The amount of space required to store individual logs for hundreds
of domains turned out to be greater than we had anticipated. Of
course, the size of the logs is directly related to the number of
hits each domain receives, and there will probably be a few large
hits in any large group of domains. Our solution allows us to place
all of our logs on a dedicated device where tracking and managing
space is easier. A 5-GB partition suffices to hold the logs for
a single month for most of our Web servers. In some situations,
an entire 9-GB disk is dedicated to log storage.
The Solution (Overview)
We arrived at fairly simple solution that didn't involve
too much re-engineering of current code and administrative processes.
Apache continues to log to the traditional access_log, which is
then later split into logs for each respective virtual host once
per day. This solution already solves the file descriptor problem
because each virtual host does not need individual log files. Since
each virtual host block in httpd.conf inherits its logging from
the parent server and does not need individual TransferLog and ErrorLog
statements, a benefit of this solution is a significantly smaller
httpd.conf file.
With Apache logging to a single access_log file, how are the logs
split into their respective parts?
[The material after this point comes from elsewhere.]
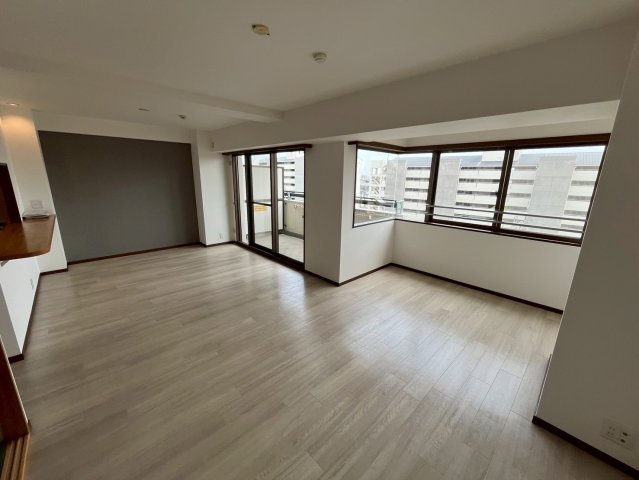ラモール芦屋の居間・リビング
The Apache distribution ships
with a useful Perl script, called split-logfile. Split-logfile can
be found in the src/support directory of the Apache source
tree. When presented with an access_log of a particular format,
split-logfile splits the log apart and creates (or appends) individual
logs for each virtual host. When the virtual host log already exists,
split-logfile simply appends to the end of it, allowing continuity
over a period of time in the individual virtual host logs.
Once split, the individual log files can be manipulated in the
same manner as a standard access_log. In fact, they are identical
to standard logs. As such, they can be run through log analyzers
or other programs. The logs have the added benefit of not being
open file descriptors, so they can be edited, moved, or deleted
without having to signal the httpd daemon. The only drawback to
this solution is that the individual virtual host logs are not updated
in real time, but only as often as the main log is split. (In our
case, this is once per day, at midnight.)
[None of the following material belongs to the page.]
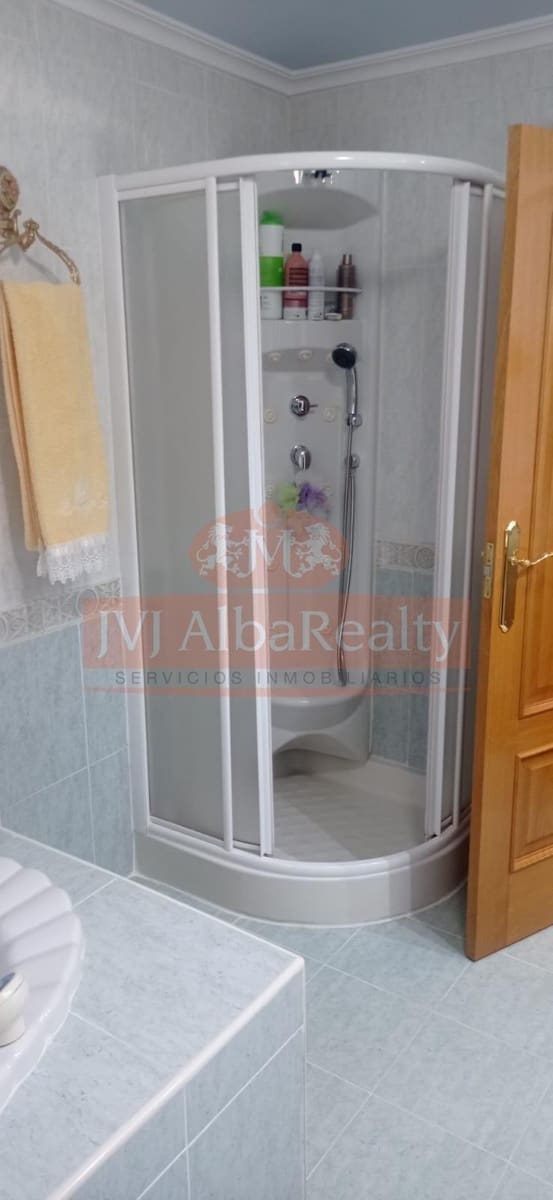 3 sypialnia Dom szeregowy na sprzedaż w Miasto Albacete z garażem - 600 000 € (Ref: 9843611)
For the split-logfile script to recognize which entries belong
to which virtual hosts, the format of the main access_log must be
slightly modified to add an extra field to the beginning of the
log entry. Because this extra field could confuse log analysis programs,
split-logfile removes this field as it is splitting the logs, thereby
returning the logs back to a standard format.
The Solution (Specifics)
You must have a basic understanding of Apache's mod_log_config
module to understand the specifics of our modifications. The mod_log_config
module allows the administrator to have granular control over how
the daemon handles logging. Using the LogFormat directive, the administrator
can specify the exact format of log entries. A few default examples
are provided in the standard httpd.conf when Apache is installed.
One of the examples provides a combined referrer and agent log.
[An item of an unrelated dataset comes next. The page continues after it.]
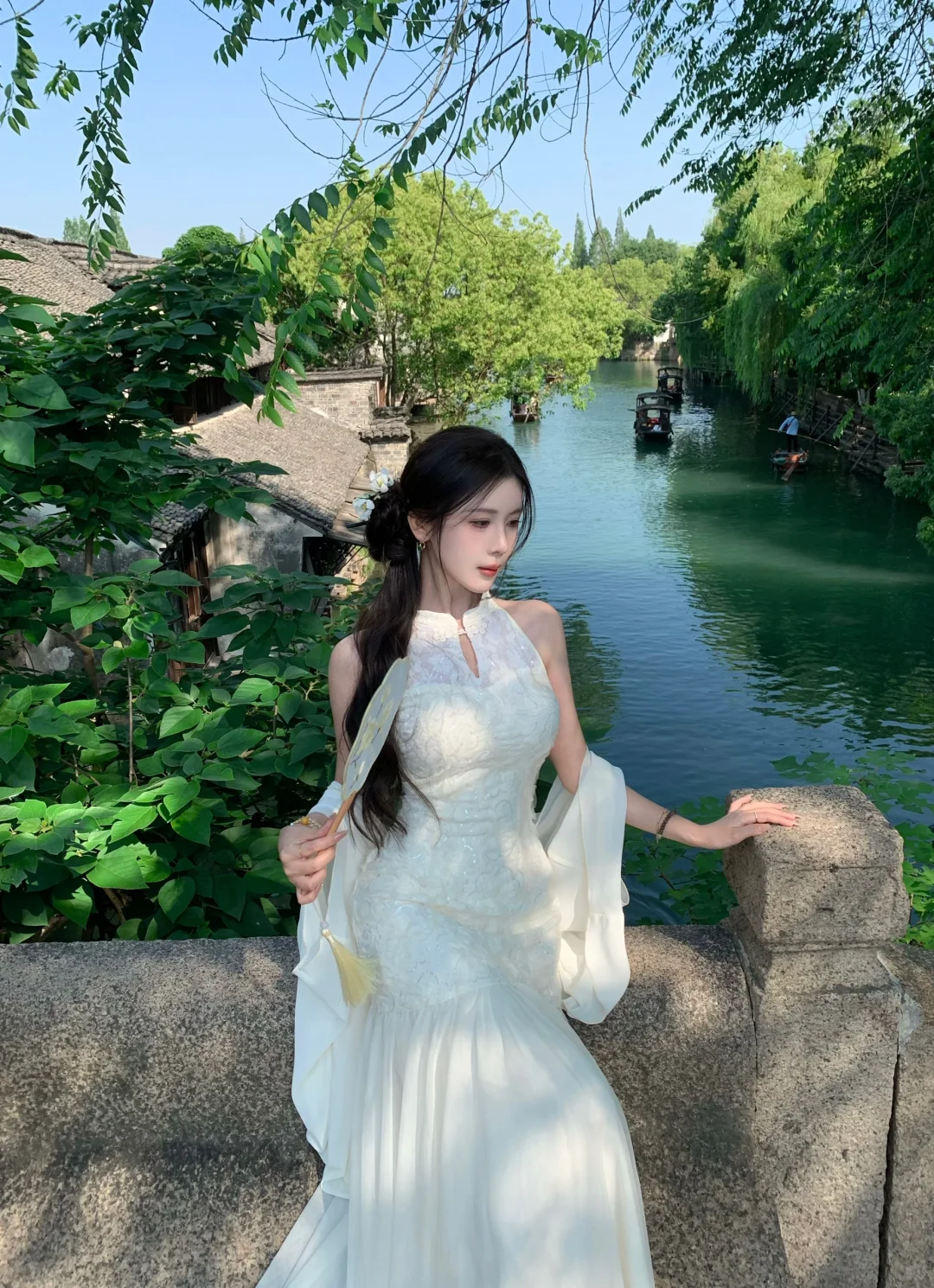 “待到夏日有蝉鸣，与君共赴真江南”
This format is popular with many Webmasters because it provides
the most information about who is visiting a site, their origins,
and their platforms. The default format for the combined log is:
LogFormat "%h %l %u %t \"%r\" %>s %b \"%{Referer}i\" \"%{User-Agent}i\"" combined
The LogFormat statement is used to specify the format of the logs.
Specification of the location of the log file and the specific format
to use falls to the CustomLog statement. The CustomLog directive takes
two arguments -- the first is the full path of the log file, and
the second is the name given to the LogFormat to be used (in the case
above, this is combined). To complete the above example, a
sample CustomLog directive would be:
CustomLog /usr/local/apache/var/log/access_log combined
With this basic understanding of how to customize log file formats,
we can get into the specific changes needed for split-logfile. As
mentioned, the script requires an extra field at the beginning of
each log entry, specifying the virtual host to which the log entry
belongs. This is easily done by adding the token %v to the
beginning of the LogFormat directive. The newly modified combined
log with the extra virtual host field appears as follows:
LogFormat "%v %h %l %u %t \"%r\" %>s %b \"%{Referer}i\" \"%{User-Agent}i\"" combined
Because most log analysis programs do not recognize the format of
the log files with the additional virtual host field at the beginning,
split-logfile strips out this field as it processes the logs, leaving
a standard combined format log file.
Once the proper log configuration was completed, we devised a
directory structure to use for the new logging methods. This is
the place where local admins can customize things to their own site
policies and practices. Our local practice is to use the GNU-style
layout for Apache; thus, Apache lives in /usr/local/apache,
and the main logs are in /usr/local/apache/var/log. Within
this directory, we created two additional directories -- old-logs
and cust-logs (short for customer logs). The old-logs directory
is used to store the (compressed) large, pre-split access_log. Local
retention policies and tape archiving policies will determine how
long to keep these logs. Our policy is to keep only the current
month's logs here, and older pre-split log files can be restored
from tape if necessary.
We use the cust-logs directory to store the actual virtual host
log files in their post-split state. This directory is a mount point
for a large partition that holds the individual logs. Split-logfile
creates logs based on the ServerName directive of the virtual host
with .log appended to the end. For example, if there were
a virtual host named domain.com, the log file produced would
be called domain.com.log. An idiosyncracy of the split-logfile
script is that it deposits its output (the split log files for each
virtual host) in the directory in which it resides, thus making
it necessary to store the split-logfile script in the cust-logs
directory.
While the split-logfile script is extremely useful, it doesn't
achieve its true potential without an external wrapper program that
handles all aspects of log file rotation and archival, which is
where the logcron script comes into play. Logcron (Listing 1) is
a fairly simple Korn shell script that was developed at my company.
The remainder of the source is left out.